Mercedes Lopez Rodriguez
|Department:||Languages, Literatures and Cultures
College of Arts and Sciences
|Resources:||Department of Languages, Literatures and Cultures|
Dr. Mercedes Lopez Rodriguez has recently joined the Department of Languages Literatures and Cultures as Assistant Professor of Colonial Spanish American Literature. Originally from Colombia, where she studied Anthropology, Mercedes holds a PhD in Spanish Literature and Cultural Studies from Georgetown University. Her research focus stems from a long interest in the representation of difference and the emergence of new cultural practices amidst contexts of conflict in Latin America. She has previously studied cultural changes introduced into indigenous communities during the early colonial Christianization process, focusing on the intercultural relationships among Christian and non-Christian indigenous, missionaries, and colonial authorities during the early years of colonial domination in central Colombia.
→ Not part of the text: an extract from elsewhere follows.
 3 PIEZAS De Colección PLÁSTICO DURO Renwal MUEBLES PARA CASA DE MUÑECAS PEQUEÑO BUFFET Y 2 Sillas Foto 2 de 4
This research culminated in her first book, Tiempos para rezar y tiempos para trabajar: la cristianización de las comunidades muiscas coloniales durante el siglo XVI, 1550-1600 (Bogotá: Instituto Colombiano de Antropología e Historia, 2001). Her more recent research project addressed the emergence of a racialized discourse about Colombian populations that marginalized and subordinated perceived “non-white” groups. It focuses on how literature and visual arts represented mestizos, indigenous and black subjects, especially in 19th century costumbrista narratives. This research suggests that the representation of indigenous and Afro-Colombians was a device used by the lettered elites to establish the definition and the limits of whiteness. Her scholarly research lies at the intersection of literary studies, ethnography, history, and art history, combining textual analysis and anthropological methods and theory. Her work is marked by an emphasis on the historical depth of how racialized representations of Andean peasants have been socially constructed, suggesting that the construction of racial categories is an essential problem for Andean studies. Through research into the interwoven dynamics of social and cultural life expressed in literature and visual arts she hopes to make a contribution to the ongoing study of the politics of race and cultural difference in Latin America.